- RECORD SET:
-*-

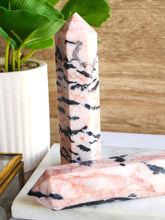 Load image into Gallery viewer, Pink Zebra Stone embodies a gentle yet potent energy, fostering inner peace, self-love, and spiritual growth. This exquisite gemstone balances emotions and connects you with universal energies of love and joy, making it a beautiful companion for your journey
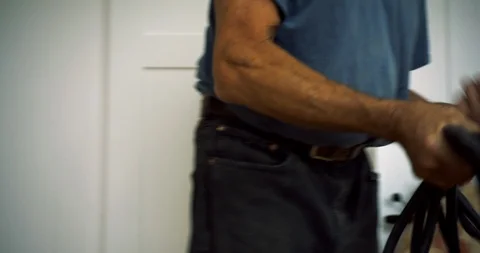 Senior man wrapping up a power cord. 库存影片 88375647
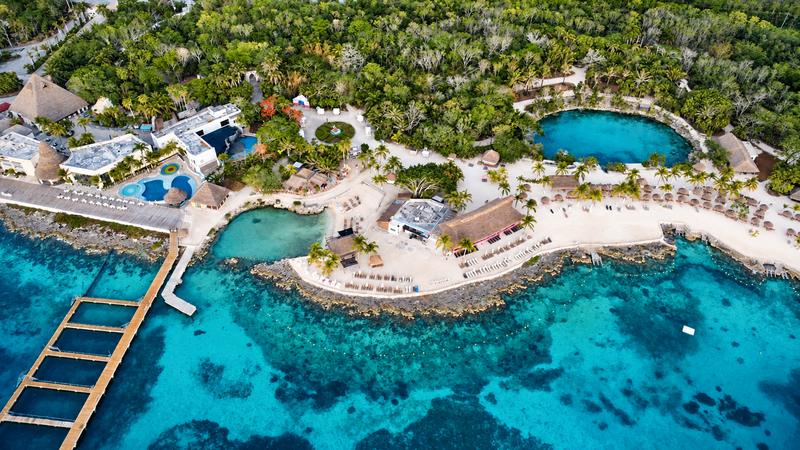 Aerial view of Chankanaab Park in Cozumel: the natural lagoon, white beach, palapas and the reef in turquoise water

-*-

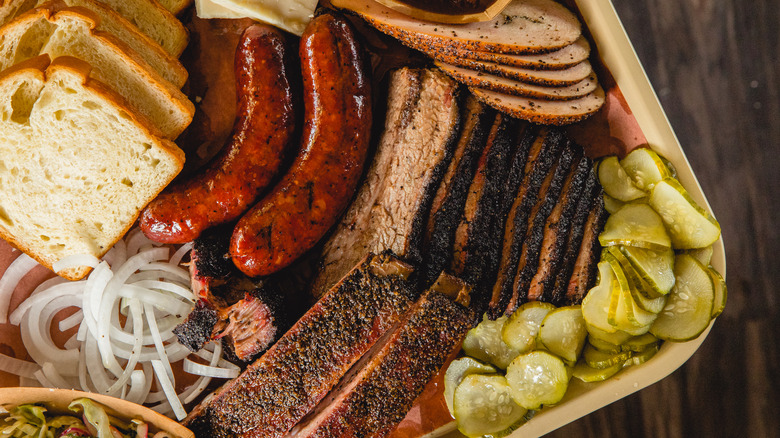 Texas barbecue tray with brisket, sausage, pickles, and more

-*-

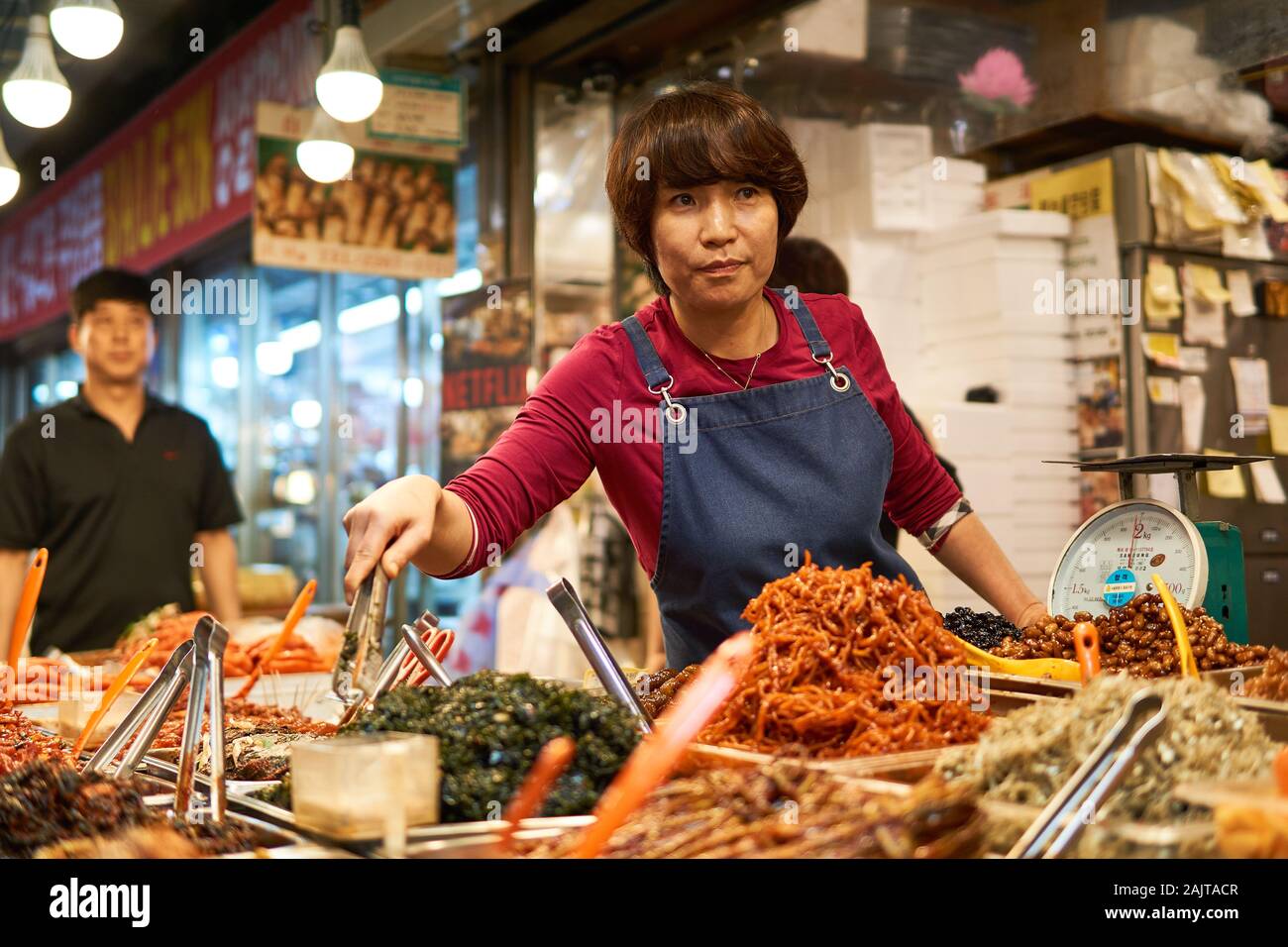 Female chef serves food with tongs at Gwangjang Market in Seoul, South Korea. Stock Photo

-*-

- WHAT THE TASK REQUIRES: In the entries above, find the line containing "Senior man wrapping" and the line containing "Aerial view of"; give again exactly those two lines and every line between them, minus the pictures.

- TASK SOLUTION:
 Senior man wrapping up a power cord. 库存影片 88375647
 Aerial view of Chankanaab Park in Cozumel: the natural lagoon, white beach, palapas and the reef in turquoise water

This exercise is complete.